WHAT YOU NEED TO DO:
Only the pictures are dropped. Restate each line below word for word.

RECORDS SUPPLIED:
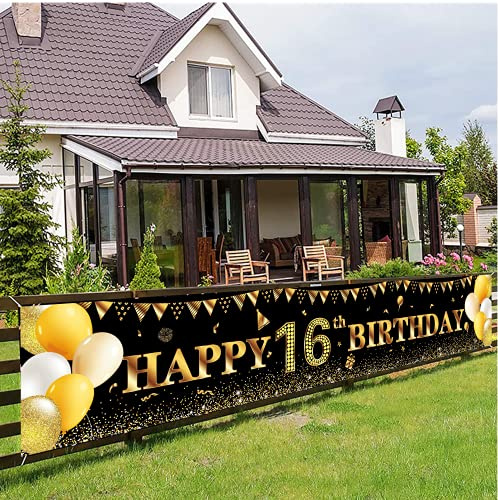 Happy 16th Birthday Banner,16th Birthday Decoration Black Gold,Party Backdrop Banner Fabric Banner.for Girl Boy 16thBirthday Photo Backdrop,Photography Background,Outdoor Yard Garden Table Wall Decor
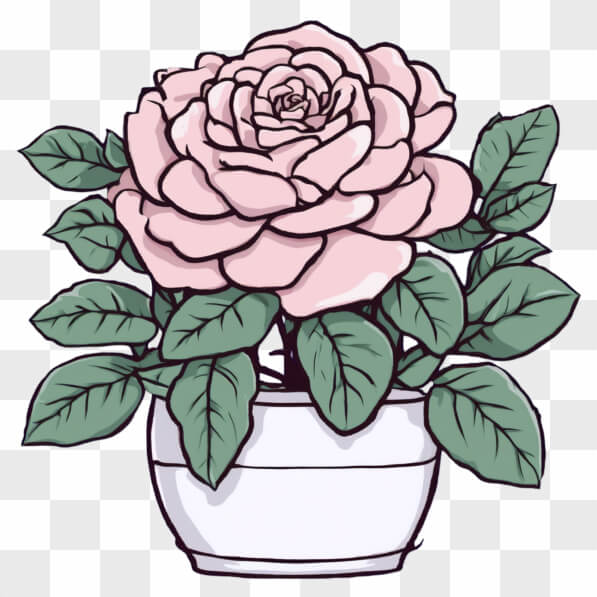 Oblica Rosa Descarga Rosa rosa en maceta Cartoons En Línea - Creative Fabrica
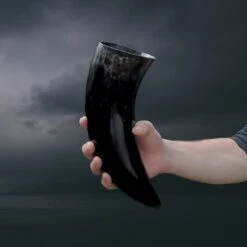 Ox Horn Polished Viking Drinking Horn -The Viking Dragon Shop nc ox horn polished viking drinking horn in hand 1 litre
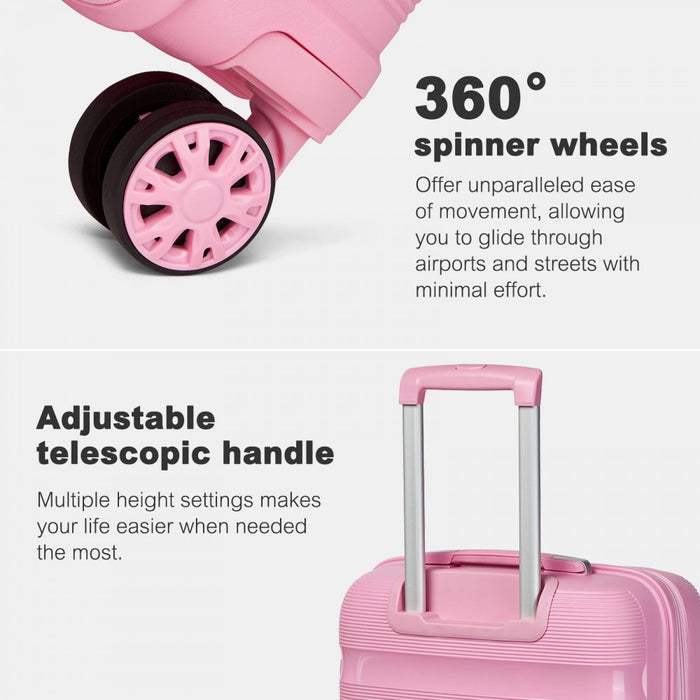 KSK2492 - Kono 24-Inch PP Hardshell Suitcase–Durable Checked Luggage with TSA Lock & 360° Spinner Silent Wheels - Pink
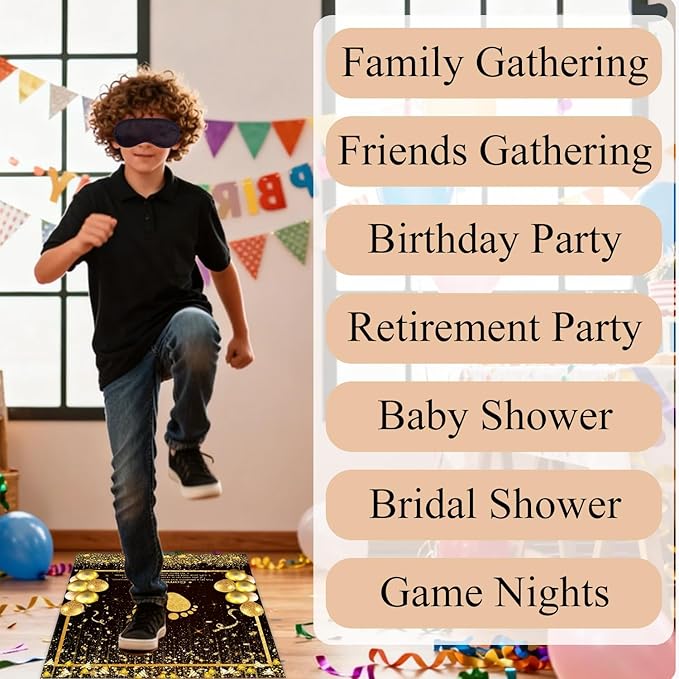 Gold Birthday Party Games, Blindfold 60-Second Challenge Party Game for Kids Adults, Indoor Outdoor Group Activity, Birthday Party Supplies Decorations, Funny Game for Birthday Retirement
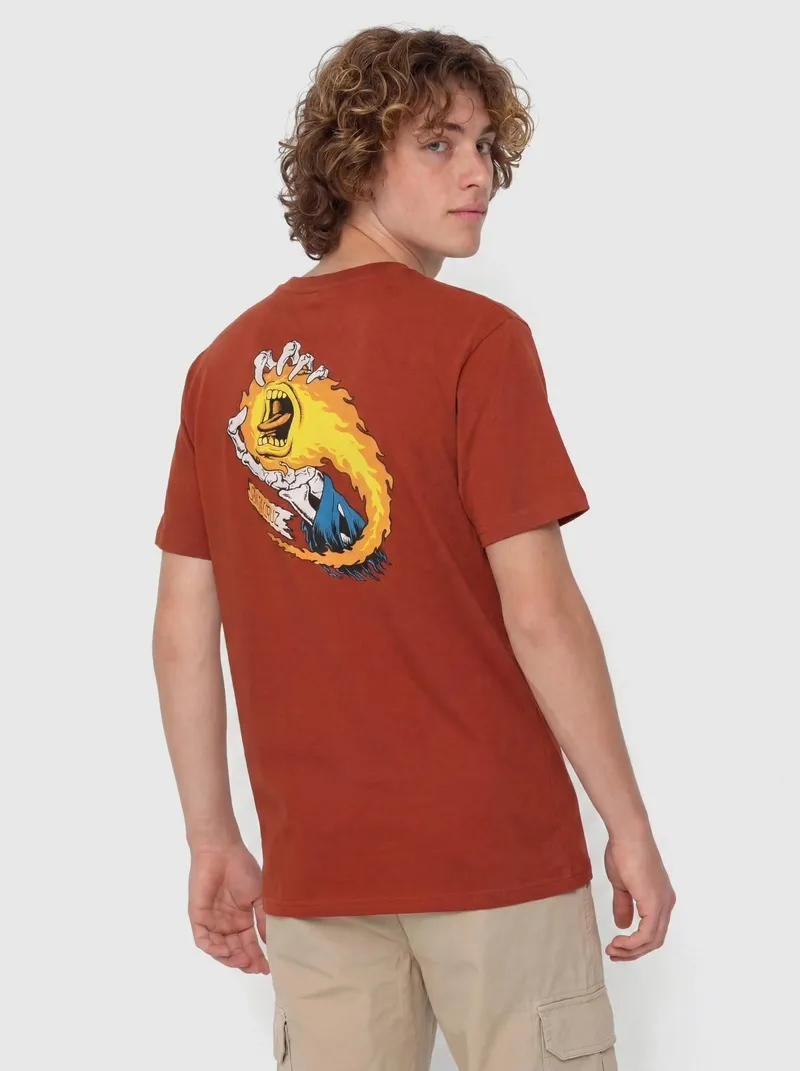 Santa Cruz Mens O Brien Scream Reaper T-Shirt in Dark Rust-1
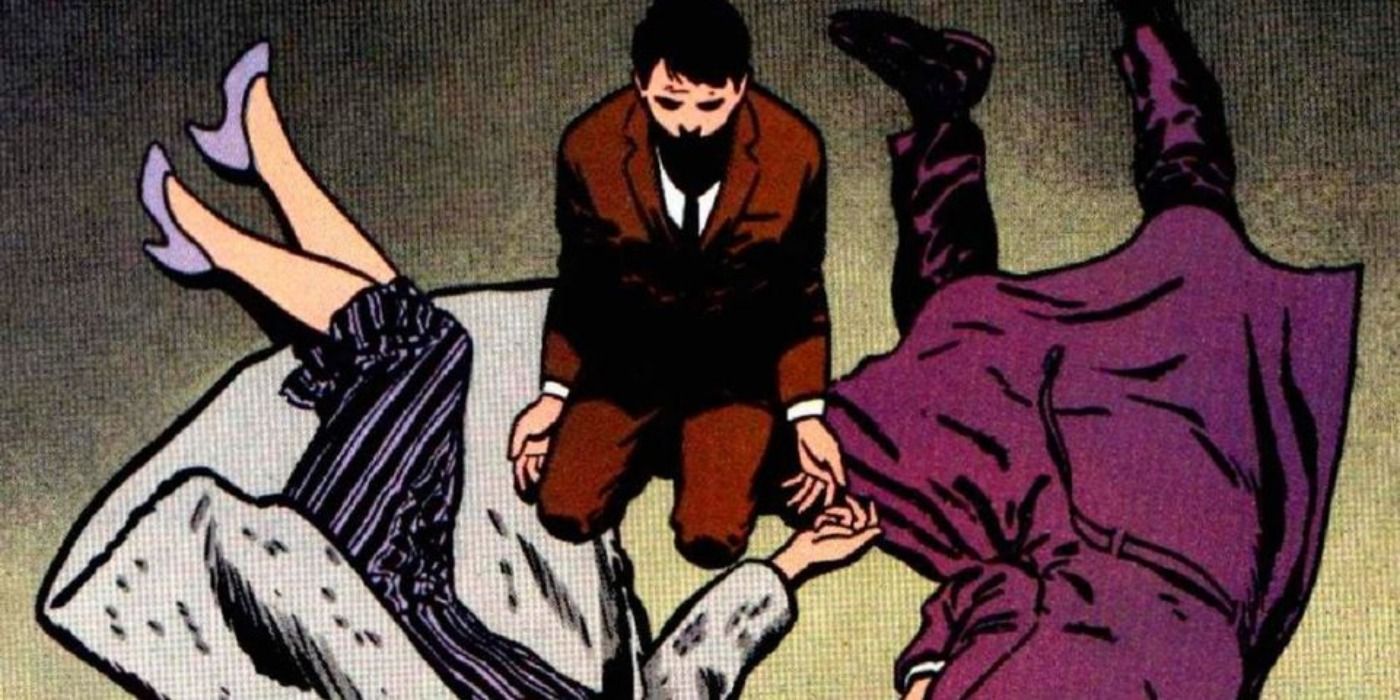 A young Bruce Wayne slumped next to his parents bodies in Year One comic art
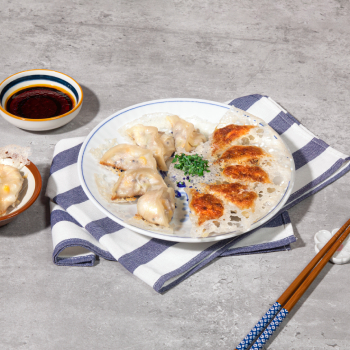 Crispy Pan-fried Quinoa and Pork Dumplings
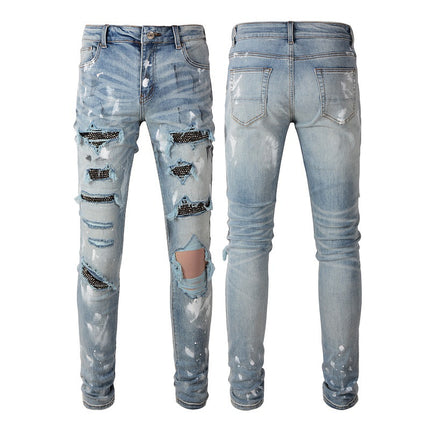 Stretch Retro Ripped Diamond Jeans HEBDO STORE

FINISHED EXERCISE:
 Happy 16th Birthday Banner,16th Birthday Decoration Black Gold,Party Backdrop Banner Fabric Banner.for Girl Boy 16thBirthday Photo Backdrop,Photography Background,Outdoor Yard Garden Table Wall Decor
 Oblica Rosa Descarga Rosa rosa en maceta Cartoons En Línea - Creative Fabrica
 Ox Horn Polished Viking Drinking Horn -The Viking Dragon Shop nc ox horn polished viking drinking horn in hand 1 litre
 KSK2492 - Kono 24-Inch PP Hardshell Suitcase–Durable Checked Luggage with TSA Lock & 360° Spinner Silent Wheels - Pink
 Gold Birthday Party Games, Blindfold 60-Second Challenge Party Game for Kids Adults, Indoor Outdoor Group Activity, Birthday Party Supplies Decorations, Funny Game for Birthday Retirement
 Santa Cruz Mens O Brien Scream Reaper T-Shirt in Dark Rust-1
 A young Bruce Wayne slumped next to his parents bodies in Year One comic art
 Crispy Pan-fried Quinoa and Pork Dumplings
 Stretch Retro Ripped Diamond Jeans HEBDO STORE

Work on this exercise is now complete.